Thursday, August 13, 2009
Osoyoos Desert - Okanagan Valley, British Columbia
Tucked into the southernmost corner of British Columbia’s beautiful Okanagan Valley, this extraordinary habitat is home to one of North America’s most fragile and endangered ecosystems. The area hosts one of the largest concentrations of species at risk (over 100 rare plants and over 300 rare invertebrates) in Canada, and is of international importance. Our desert is actually part of the Great-Basin Desert.
The Osoyoos Desert Centre is a 67 acre nature interpretive facility where visitors can learn about desert ecology, habitat restoration and conservation of endangered ecosystems in the South Okanagan. Guests are invited to explore Canada’s desert by taking a guided or self-guided tour along a 1.5 km elevated wooden boardwalk. In addition, the Centre features an interpretive facility with hands-on exhibits and a native plant demonstration garden.
The Southern Okanagan Valley provides the hot dry summers and mild winters characteristic of the arid antelope-brush ecosystem. This region is home to a diverse array of uniquely adapted wildlife species such the Nuttall’s Cottontail, Great Basin Spadefoot Toad, Western Rattlesnake, Tiger Salamander and Wind Scorpion, to name a few.

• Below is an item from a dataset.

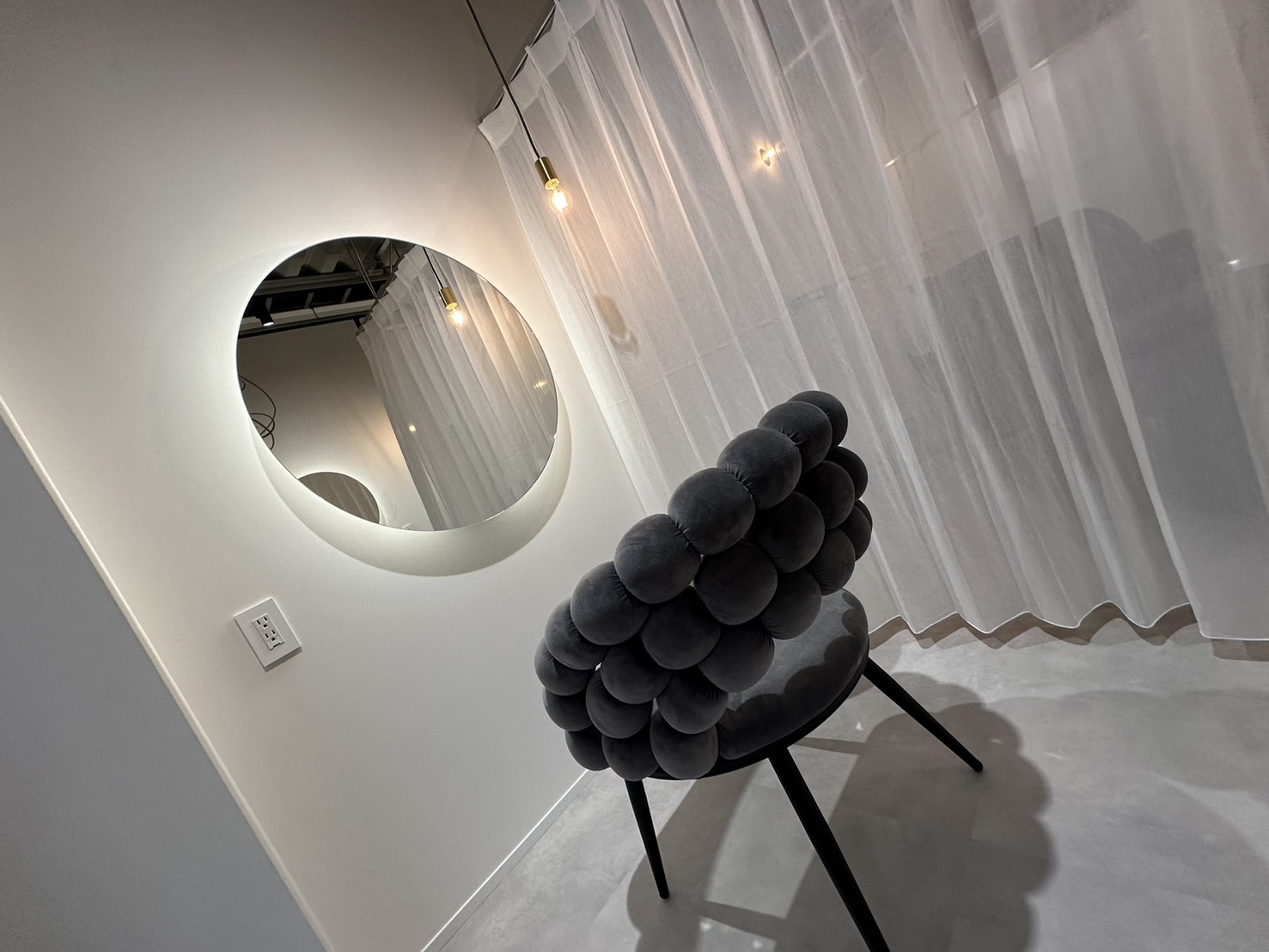 【香椎】≪月に1回日曜日のお休み・社会保険完備・20時迄に退勤可能・有給休暇あり≫働くママさんやブランクのある方も歓迎！！小規模ならではの働きやすさとアットホームさが魅力の「A.s.h.a hair 香椎店（アシャヘアーカシイテン）」からアシスタント（美容師）の求人☆★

The humming birds ‘hum’ and the rattlesnakes ‘rattle’ in the bright morning sun of Canada’s only desert. Simmering at the northern tip of the Sonora desert system which starts way down in Mexico, this dry, arid finger extends up through North America to the resort and vineyard country of the Southern Okanagan Valley where the long hot summers and dry mild winters maintain an eco system unique in Canada.
Don’t worry too much about the ‘rattlers’ though; they are shy and are seldom seen, and only then if you stray from the raised boardwalk! But you can watch the humming birds, darting, diving, then hovering at their honey feeders.
Early morning is for the birds – and you can join local birding experts very early each Wednesday morning to see and hear the desert’s avian species and experience the beauty of the desert at sunrise. Nesting Bluebirds feed their young and Meadowlarks swoop after food.